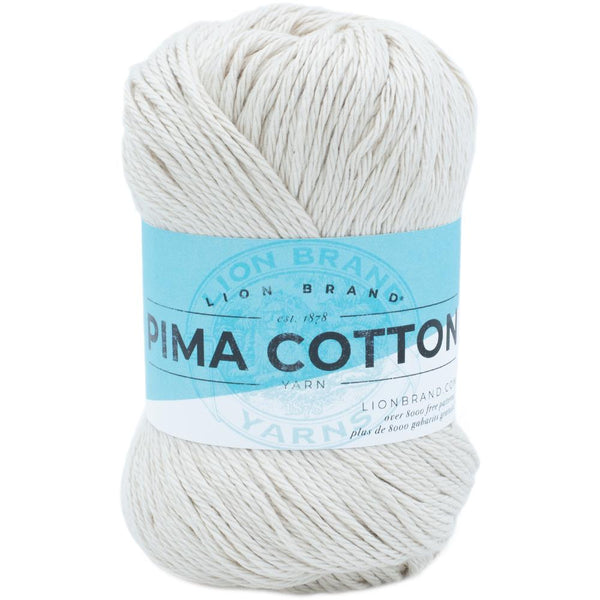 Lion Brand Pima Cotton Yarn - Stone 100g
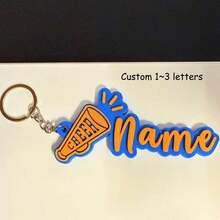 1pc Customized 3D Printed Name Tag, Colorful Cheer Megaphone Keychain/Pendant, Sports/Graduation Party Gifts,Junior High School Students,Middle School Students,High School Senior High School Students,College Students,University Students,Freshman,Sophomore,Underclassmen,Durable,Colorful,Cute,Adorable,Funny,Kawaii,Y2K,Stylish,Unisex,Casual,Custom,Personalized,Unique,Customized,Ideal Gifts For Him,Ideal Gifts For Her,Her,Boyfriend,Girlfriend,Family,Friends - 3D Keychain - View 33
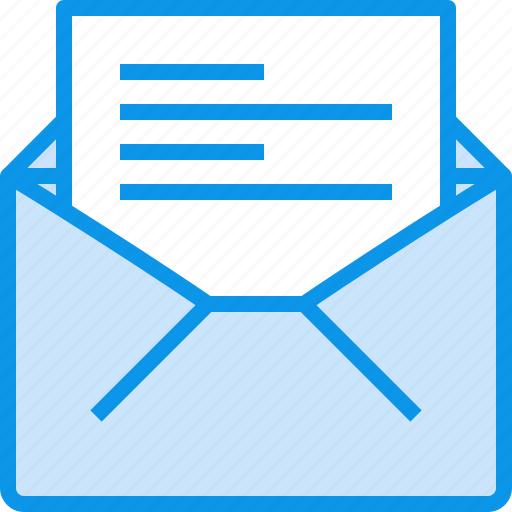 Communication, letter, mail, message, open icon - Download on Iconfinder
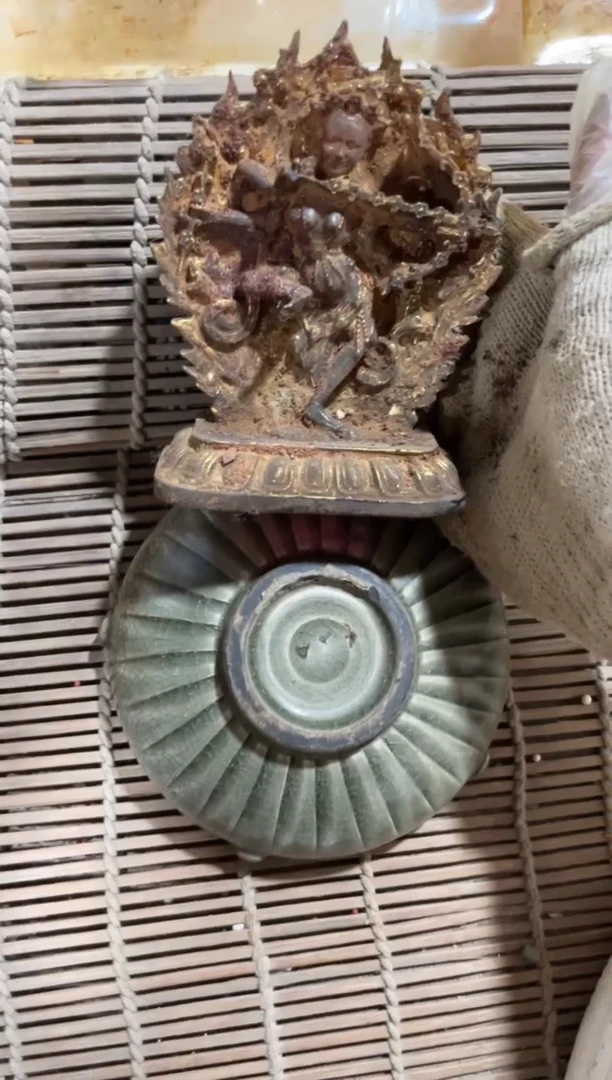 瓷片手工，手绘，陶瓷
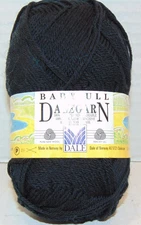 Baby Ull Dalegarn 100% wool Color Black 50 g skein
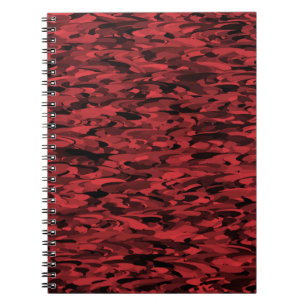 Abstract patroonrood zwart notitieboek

━━━━━━━━━━━━━━━━━━━━

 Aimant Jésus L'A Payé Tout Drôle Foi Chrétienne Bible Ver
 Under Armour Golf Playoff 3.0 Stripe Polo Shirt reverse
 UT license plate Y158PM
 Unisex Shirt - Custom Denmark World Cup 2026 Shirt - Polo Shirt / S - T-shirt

━━━━━━━━━━━━━━━━━━━━

- _Task objective_
Using the material above, transcribe exactly the lines from the line with "Aimant Jésus L'A" to the line with "Unisex Shirt - Custom"; both count, and nothing else goes in.

- _Exercise result_
 Aimant Jésus L'A Payé Tout Drôle Foi Chrétienne Bible Ver
 Under Armour Golf Playoff 3.0 Stripe Polo Shirt reverse
 UT license plate Y158PM
 Unisex Shirt - Custom Denmark World Cup 2026 Shirt - Polo Shirt / S - T-shirt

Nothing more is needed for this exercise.